- Film poster
- Traditional Chinese: 晚鐘
- Simplified Chinese: 晚钟
- Hanyu Pinyin: Wǎn zhōng
- Directed by: Wu Ziniu
- Written by: Wu Ziniu Wang Yifei
- Starring: Chong Peipei Tao Zeru Ge Yaming
- Cinematography: Hou Yong
- Edited by: Zong Lijang
- Music by: Ma Jianping
- Production companies: Beijing Film Studio August First Film Studio
- Release date: March 28, 1989 (China);
- Running time: 90 minutes
- Country: China
- Language: Mandarin

= Evening Bell (film) =

Evening Bell is a 1988 Chinese war film directed by Wu Ziniu.

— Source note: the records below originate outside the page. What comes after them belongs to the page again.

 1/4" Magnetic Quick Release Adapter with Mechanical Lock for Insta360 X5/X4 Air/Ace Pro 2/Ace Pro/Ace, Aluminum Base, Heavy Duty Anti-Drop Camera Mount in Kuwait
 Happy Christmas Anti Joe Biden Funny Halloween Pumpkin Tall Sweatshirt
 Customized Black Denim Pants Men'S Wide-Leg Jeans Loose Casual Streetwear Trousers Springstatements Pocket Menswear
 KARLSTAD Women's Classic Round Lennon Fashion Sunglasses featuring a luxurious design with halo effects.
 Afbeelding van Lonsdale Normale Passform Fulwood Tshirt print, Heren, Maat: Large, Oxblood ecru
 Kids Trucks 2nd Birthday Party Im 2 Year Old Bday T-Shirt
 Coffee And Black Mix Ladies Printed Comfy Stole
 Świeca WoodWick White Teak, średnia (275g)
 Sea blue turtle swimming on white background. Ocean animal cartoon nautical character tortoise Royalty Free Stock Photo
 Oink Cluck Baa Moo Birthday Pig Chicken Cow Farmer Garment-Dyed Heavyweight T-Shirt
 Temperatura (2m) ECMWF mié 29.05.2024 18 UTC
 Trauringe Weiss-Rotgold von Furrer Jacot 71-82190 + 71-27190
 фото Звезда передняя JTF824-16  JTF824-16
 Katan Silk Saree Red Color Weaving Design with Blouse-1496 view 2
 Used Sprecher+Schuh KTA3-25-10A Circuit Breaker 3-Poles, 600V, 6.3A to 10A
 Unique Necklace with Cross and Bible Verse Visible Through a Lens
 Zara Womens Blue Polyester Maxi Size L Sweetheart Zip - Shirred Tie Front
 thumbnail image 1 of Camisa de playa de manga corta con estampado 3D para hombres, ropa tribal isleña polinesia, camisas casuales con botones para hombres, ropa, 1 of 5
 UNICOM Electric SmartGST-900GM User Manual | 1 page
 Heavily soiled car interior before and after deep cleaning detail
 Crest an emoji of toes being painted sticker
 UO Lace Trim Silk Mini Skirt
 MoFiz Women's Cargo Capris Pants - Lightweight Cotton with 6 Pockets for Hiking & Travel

The film stars Tao Zeru, Chong Peipei, and others, and was produced in part by the August First Film Studio, a production company associated with the People's Liberation Army.

It was one of three war films Wu directed in 1988, the other two being Joyous Heroes, and its sequel Between Life and Death.

== Plot ==
Taking place in the immediate aftermath of the Second Sino-Japanese War (the Chinese branch of the Second World War), Evening Bell follows a small platoon of five Chinese soldiers who must negotiate a devastated landscape, burying bodies, disarming mines, and eventually facing off against a starving band of Japanese soldiers who do not yet know that the war has ended.

== Censorship and reception ==
Evening Bell went through a rigorous four-part process with Chinese censors. While the final result was much changed from Wu's original vision, the film nevertheless did well critically both home and abroad. The film won Wu a Golden Rooster award for best direction in 1989 as well as a Silver Bear - Special Jury Prize at the 39th Berlin International Film Festival.